Referring expression grounding data:
-- Opening Marker --

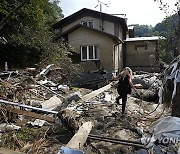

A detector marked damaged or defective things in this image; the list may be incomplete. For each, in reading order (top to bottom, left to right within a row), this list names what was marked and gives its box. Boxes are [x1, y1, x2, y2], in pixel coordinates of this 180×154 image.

damaged roof [51, 7, 129, 32]
damaged house [51, 8, 165, 74]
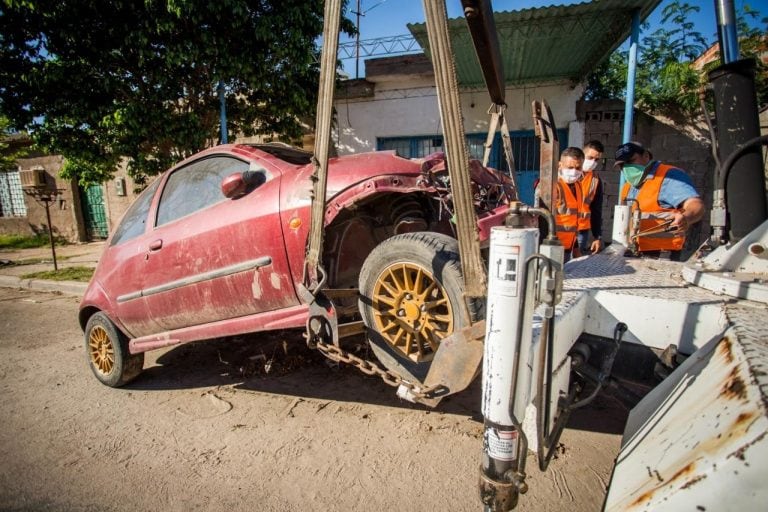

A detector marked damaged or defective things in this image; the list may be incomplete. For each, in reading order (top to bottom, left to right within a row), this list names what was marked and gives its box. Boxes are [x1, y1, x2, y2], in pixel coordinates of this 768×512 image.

damaged red car [78, 142, 516, 386]
rust stain [716, 336, 736, 364]
rust stain [724, 366, 748, 402]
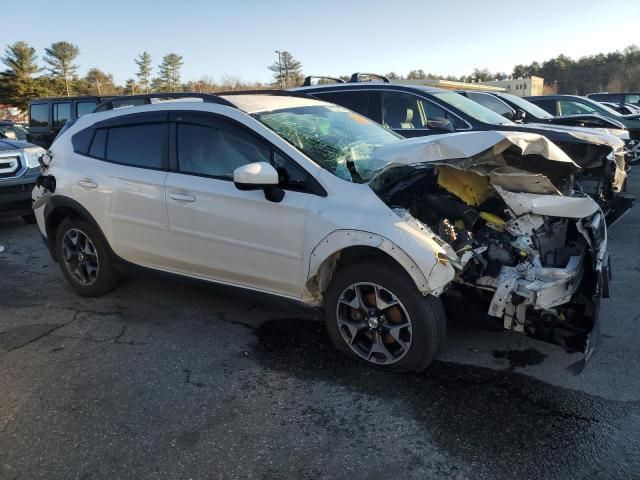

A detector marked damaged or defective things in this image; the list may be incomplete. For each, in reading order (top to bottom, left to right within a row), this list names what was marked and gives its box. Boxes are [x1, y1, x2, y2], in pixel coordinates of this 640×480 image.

shattered windshield [254, 106, 400, 183]
shattered windshield [430, 91, 516, 125]
severe front-end damage [370, 130, 608, 360]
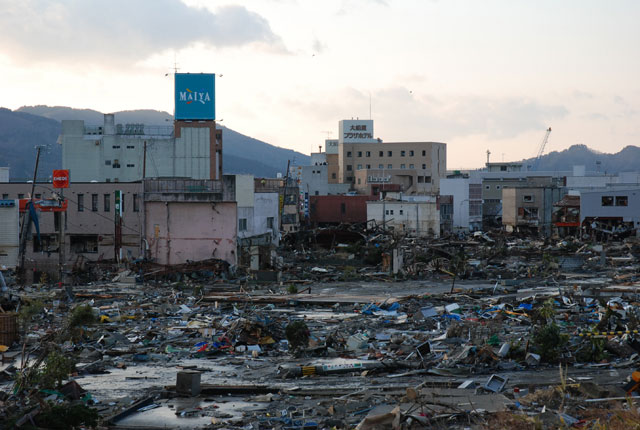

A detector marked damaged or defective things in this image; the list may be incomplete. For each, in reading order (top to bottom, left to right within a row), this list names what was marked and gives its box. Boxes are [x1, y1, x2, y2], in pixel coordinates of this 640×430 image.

broken window [69, 233, 98, 254]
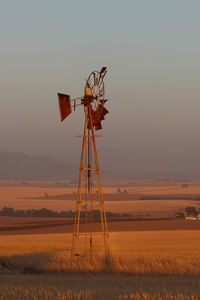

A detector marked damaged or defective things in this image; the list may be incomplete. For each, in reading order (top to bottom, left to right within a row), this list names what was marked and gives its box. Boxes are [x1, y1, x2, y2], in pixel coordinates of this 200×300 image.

rusty windmill [57, 67, 110, 262]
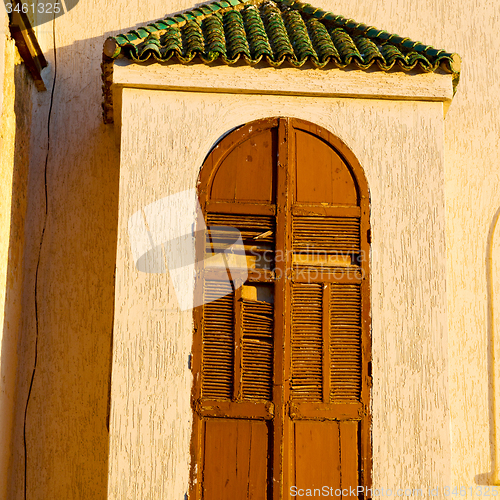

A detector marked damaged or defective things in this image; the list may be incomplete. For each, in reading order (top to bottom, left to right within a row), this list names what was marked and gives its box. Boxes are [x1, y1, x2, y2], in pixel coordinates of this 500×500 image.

crack in wall [23, 11, 57, 500]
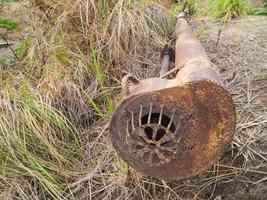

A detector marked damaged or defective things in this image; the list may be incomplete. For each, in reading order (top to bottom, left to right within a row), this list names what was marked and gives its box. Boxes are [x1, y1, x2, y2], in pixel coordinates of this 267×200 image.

oxidized iron [110, 14, 236, 180]
rusty metal pipe [110, 16, 236, 180]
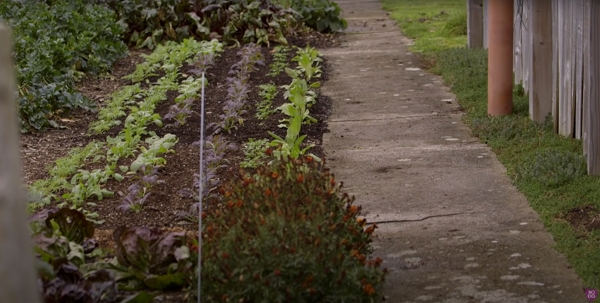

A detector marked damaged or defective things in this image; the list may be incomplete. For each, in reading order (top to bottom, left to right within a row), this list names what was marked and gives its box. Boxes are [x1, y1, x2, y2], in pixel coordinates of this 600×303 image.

rusty metal post [488, 0, 516, 116]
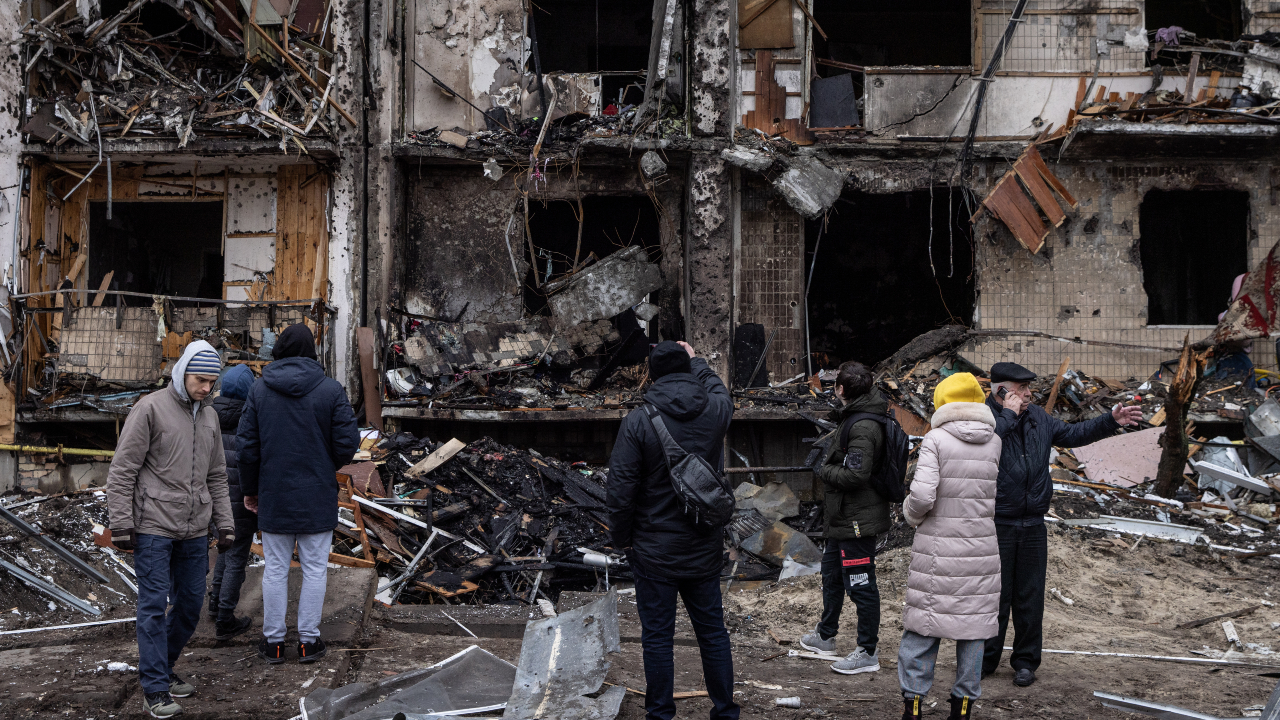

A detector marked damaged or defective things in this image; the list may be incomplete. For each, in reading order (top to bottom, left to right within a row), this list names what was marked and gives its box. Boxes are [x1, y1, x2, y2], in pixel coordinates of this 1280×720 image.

broken window opening [527, 0, 650, 77]
broken window opening [808, 0, 967, 70]
broken concrete block [716, 146, 773, 172]
broken concrete block [762, 152, 844, 217]
broken window opening [87, 202, 226, 299]
broken window opening [519, 196, 660, 316]
broken concrete block [545, 243, 660, 327]
damaged apartment building [2, 0, 1280, 499]
broken window opening [803, 188, 972, 366]
broken window opening [1136, 189, 1244, 326]
damaged balcony railing [7, 285, 337, 409]
broken concrete block [737, 479, 793, 517]
broken concrete block [737, 517, 824, 563]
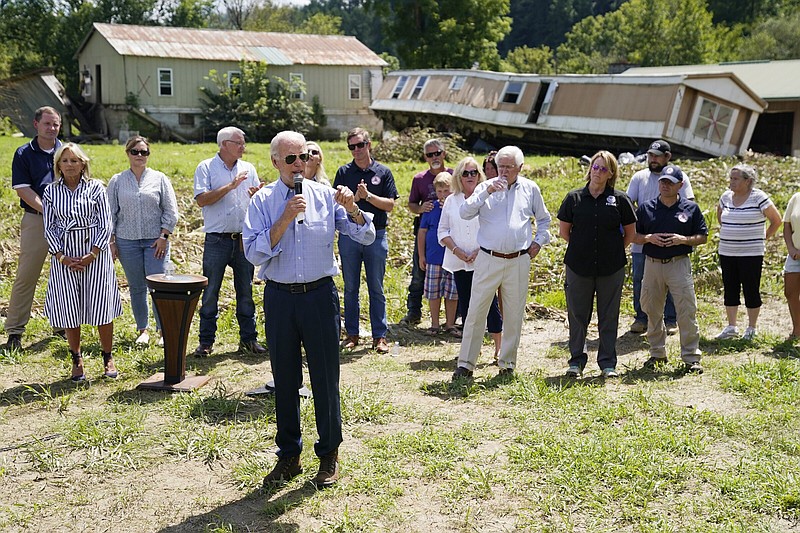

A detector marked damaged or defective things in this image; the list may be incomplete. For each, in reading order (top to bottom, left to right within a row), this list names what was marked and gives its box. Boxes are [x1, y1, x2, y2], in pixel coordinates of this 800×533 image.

rusted metal roof [79, 23, 388, 67]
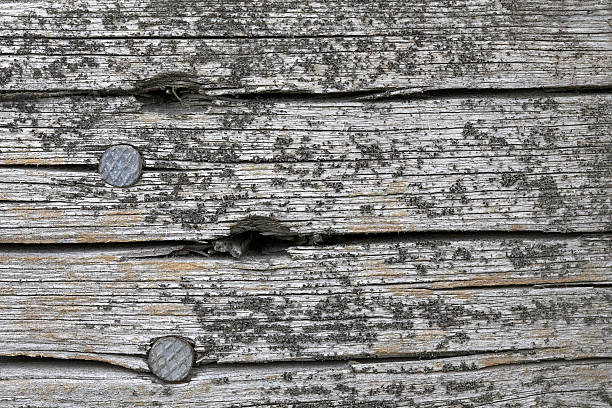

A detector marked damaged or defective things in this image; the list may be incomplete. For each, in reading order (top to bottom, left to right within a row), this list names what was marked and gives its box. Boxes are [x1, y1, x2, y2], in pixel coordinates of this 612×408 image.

rusty nail [100, 144, 144, 187]
rusty nail [147, 334, 195, 382]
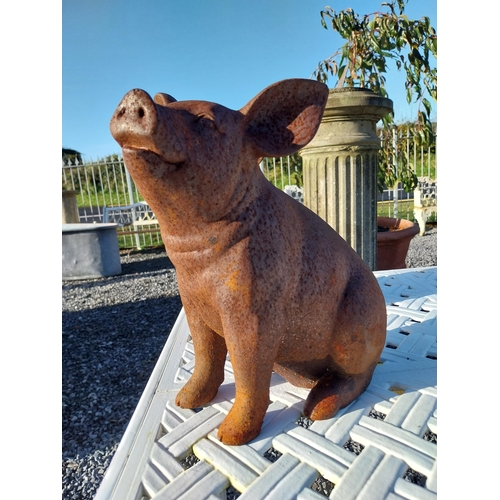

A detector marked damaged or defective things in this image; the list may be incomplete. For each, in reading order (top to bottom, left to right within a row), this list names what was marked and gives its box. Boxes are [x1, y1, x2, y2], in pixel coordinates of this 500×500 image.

rusty patina [111, 78, 388, 446]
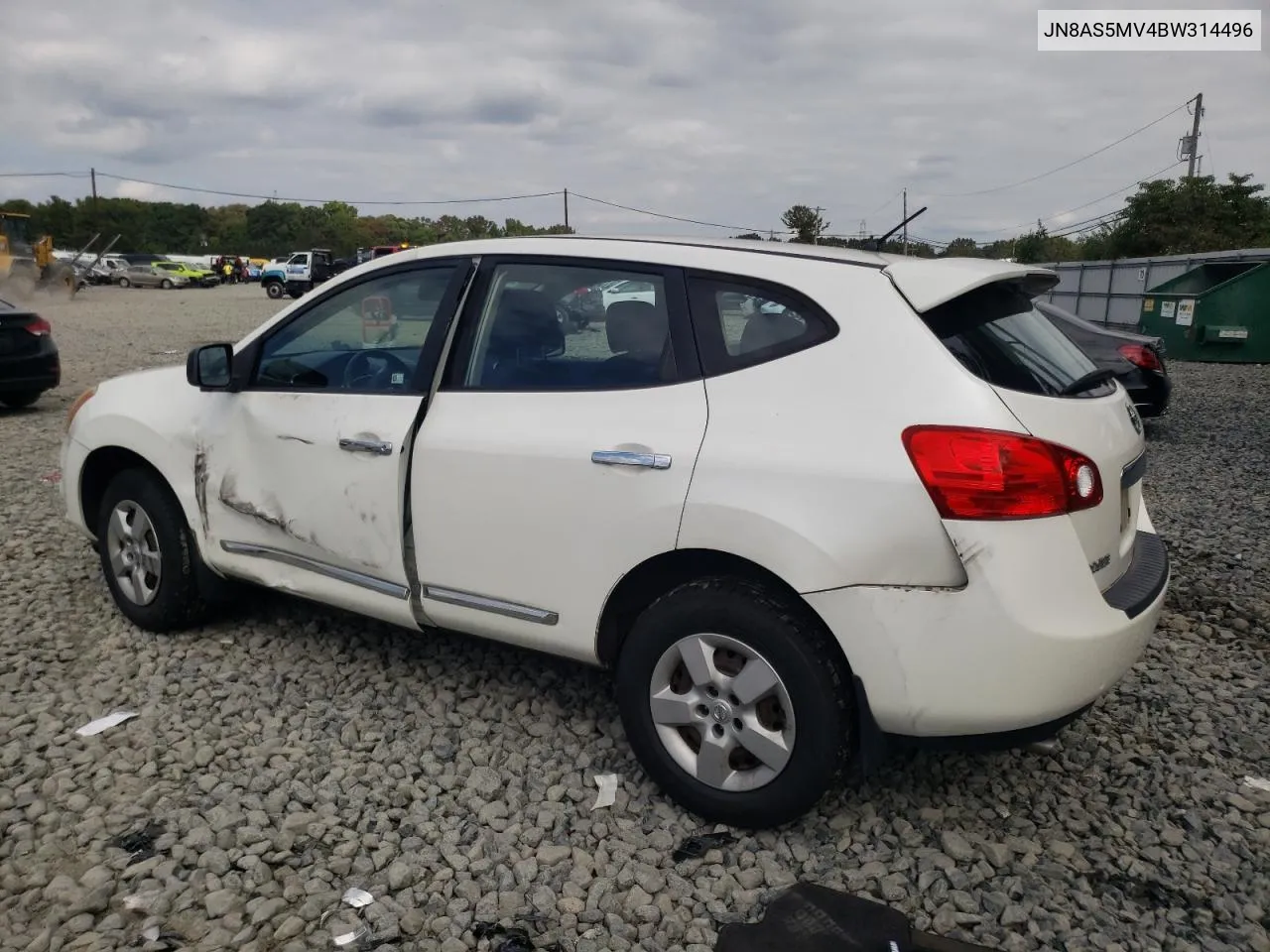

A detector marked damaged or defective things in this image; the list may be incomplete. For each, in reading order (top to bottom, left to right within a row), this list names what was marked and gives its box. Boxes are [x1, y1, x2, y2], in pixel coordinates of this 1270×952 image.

damaged white nissan rogue [60, 237, 1168, 827]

-- Closing Marker --

### [What to do]
Omit the pictures, and please restate word for word the lines running from the line with "this 612×408 image." to the end of the entries.

### [Response]
A detector marked damaged or defective things in this image; the list may be incomplete. For each, in reading order (top to bottom, left to right within a row), this list names what was marked and gives its box. Boxes are [x1, y1, x2, y2], in pixel coordinates of this 612×408 image.

rusty nail [100, 144, 144, 187]
rusty nail [147, 334, 195, 382]

A detector marked damaged or defective things in this image; the list may be incomplete. For each, in reading order (top to bottom, left to right within a row), this list names what was marked and gives its box. Boxes are [x1, y1, x2, y2], in pixel coordinates of this 500×500 image.

rusty patina [111, 78, 388, 446]

A detector marked damaged or defective things in this image; the list may be incomplete. For each, in reading order (top to bottom, left to right within a row), this list names what was marked and gives its box. Boxes are [x1, y1, x2, y2], in pixel coordinates of this 1270×952 image.

damaged white nissan rogue [60, 237, 1168, 827]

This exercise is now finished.